R/training_test_comparison.R
trainig_test_comparison.Rd
Function training_test_comparison
calculates performance of the provided model based on specified measure function.
Response of the model is calculated based on test data, extracted from the explainer and training data, provided by the user.
Output can be easily shown with print
or plot
function.
training_test_comparison(
champion,
challengers,
training_data,
training_y,
measure_function = NULL
)
- explainer of champion model.
- explainer of challenger model or list of explainers.

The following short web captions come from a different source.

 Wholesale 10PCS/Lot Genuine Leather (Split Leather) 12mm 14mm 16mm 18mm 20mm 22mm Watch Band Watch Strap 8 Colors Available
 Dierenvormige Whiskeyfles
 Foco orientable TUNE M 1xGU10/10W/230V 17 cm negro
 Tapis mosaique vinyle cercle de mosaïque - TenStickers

- data without target column that will be passed to predict function and then to measure function. Keep in mind that they have to differ from data passed to an explainer.

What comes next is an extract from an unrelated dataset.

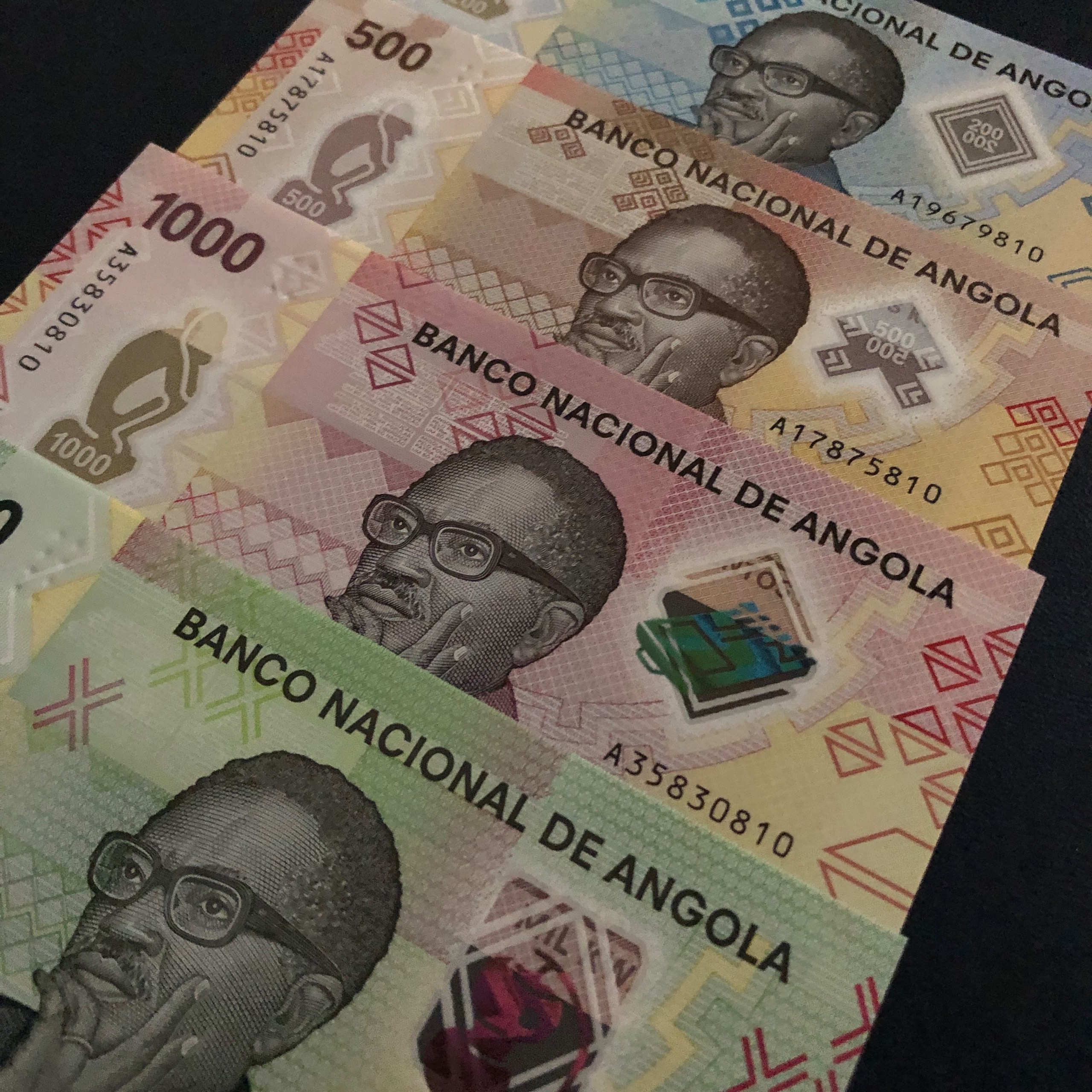 ست بانکی اسکناس کوانزا آنگولا 2020 شماره متفاوت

- target column for training_data
- measure function that calculates performance of model based on true observation and prediction. Order of parameters is important and should be (y, y_hat). By default it is RMSE.
An object of the class training_test_comparison
.
It is a named list containing:
data
data.frame with following columns
measure_test
performance on test set
measure_train
performance on training set
label
label of explainer
type
flag that indicates if explainer was passed as champion or as challenger.
models_info
data.frame containing information about models used in analysis
library("mlr")
library("DALEXtra")
task <- mlr::makeRegrTask(
id = "R",
data = apartments,
target = "m2.price"
)
learner_lm <- mlr::makeLearner(
"regr.lm"
)
model_lm <- mlr::train(learner_lm, task)
explainer_lm <- explain_mlr(model_lm, apartmentsTest, apartmentsTest$m2.price, label = "LM")

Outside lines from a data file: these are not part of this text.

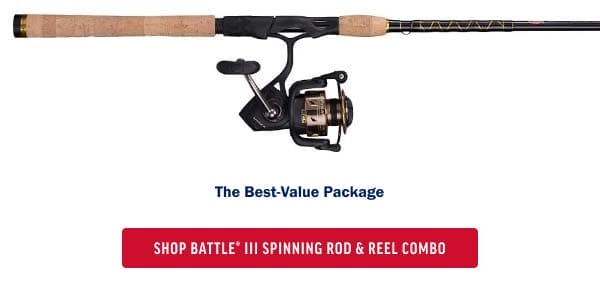 Battle III Spinning Rod and Reel Combo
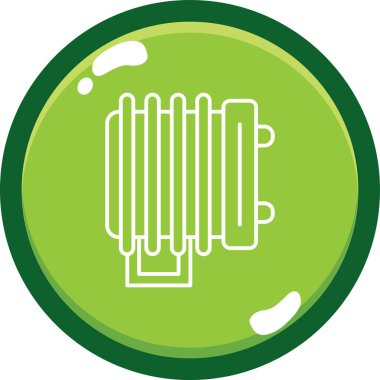 Modern b 'nin vektör illüstrasyonu simge suyundan yoksun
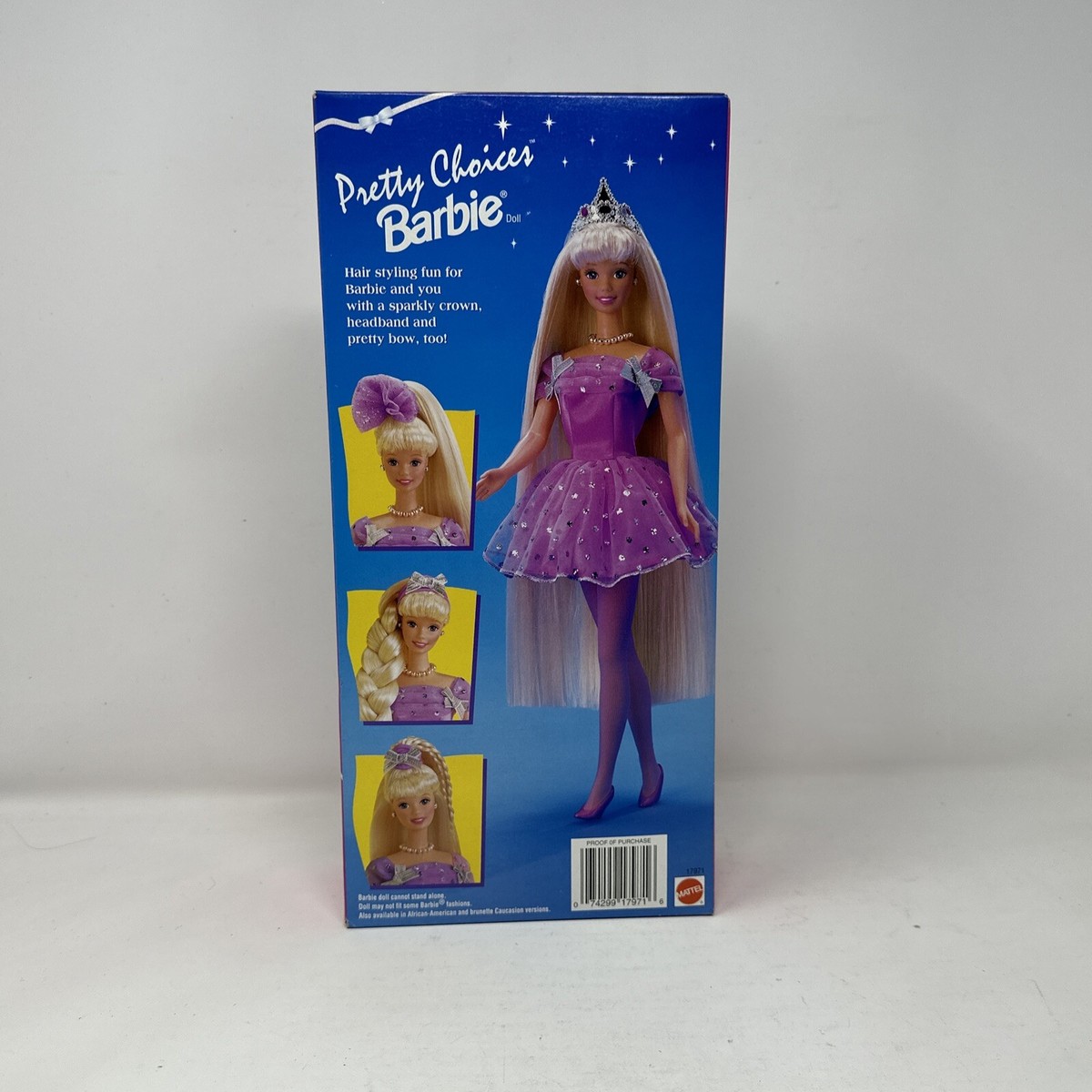 Vintage 1996 Pretty Choices Barbie Doll Mattel 18019 Walmart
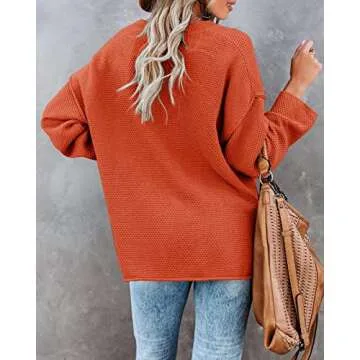 Saodimallsu Cozy Oversized Women’s V Neck Sweater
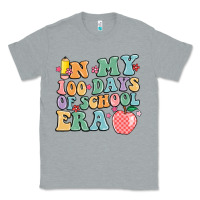 Heather Grey in my 100 days of school era Classic Tee - MaliasSmallBusiness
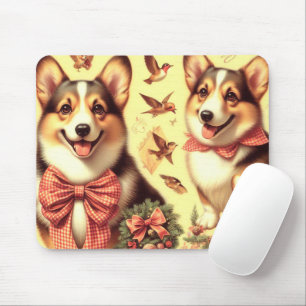 Schattige Welsh Corgi Cardigan Illustratie Muismat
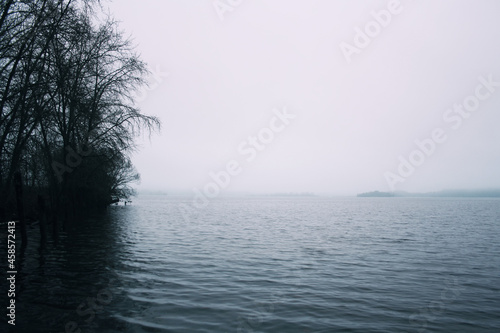 misty morning on the lake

#> Preparation of a new explainer is initiated
#> -> model label : LM
#> -> data : 9000 rows 6 cols
#> -> target variable : 9000 values
#> -> predict function : yhat.WrappedModel will be used ( default )
#> -> predicted values : No value for predict function target column. ( default )
#> -> model_info : package mlr , ver. 2.19.0 , task regression ( default )
#> -> predicted values : numerical, min = 1792.597 , mean = 3506.836 , max = 6241.447
#> -> residual function : difference between y and yhat ( default )
#> -> residuals : numerical, min = -257.2555 , mean = 4.687686 , max = 472.356
#> A new explainer has been created!
learner_rf <- mlr::makeLearner(
"regr.ranger"
)
model_rf <- mlr::train(learner_rf, task)
explainer_rf <- explain_mlr(model_rf, apartmentsTest, apartmentsTest$m2.price, label = "RF")
#> Preparation of a new explainer is initiated
#> -> model label : RF
#> -> data : 9000 rows 6 cols
#> -> target variable : 9000 values
#> -> predict function : yhat.WrappedModel will be used ( default )
#> -> predicted values : No value for predict function target column. ( default )
#> -> model_info : package mlr , ver. 2.19.0 , task regression ( default )
#> -> predicted values : numerical, min = 1791.981 , mean = 3505.215 , max = 6256.597
#> -> residual function : difference between y and yhat ( default )
#> -> residuals : numerical, min = -543.8599 , mean = 6.308188 , max = 743.5935
#> A new explainer has been created!
learner_gbm <- mlr::makeLearner(
"regr.gbm"
)
model_gbm <- mlr::train(learner_gbm, task)
explainer_gbm <- explain_mlr(model_gbm, apartmentsTest, apartmentsTest$m2.price, label = "GBM")
#> Preparation of a new explainer is initiated
#> -> model label : GBM
#> -> data : 9000 rows 6 cols
#> -> target variable : 9000 values
#> -> predict function : yhat.WrappedModel will be used ( default )
#> -> predicted values : No value for predict function target column. ( default )
#> -> model_info : package mlr , ver. 2.19.0 , task regression ( default )
#> -> predicted values : numerical, min = 2123.673 , mean = 3505.638 , max = 6058.835
#> -> residual function : difference between y and yhat ( default )
#> -> residuals : numerical, min = -520.6726 , mean = 5.885672 , max = 760.7353
#> A new explainer has been created!
data <- training_test_comparison(explainer_lm, list(explainer_gbm, explainer_rf),
training_data = apartments,
training_y = apartments$m2.price)
plot(data)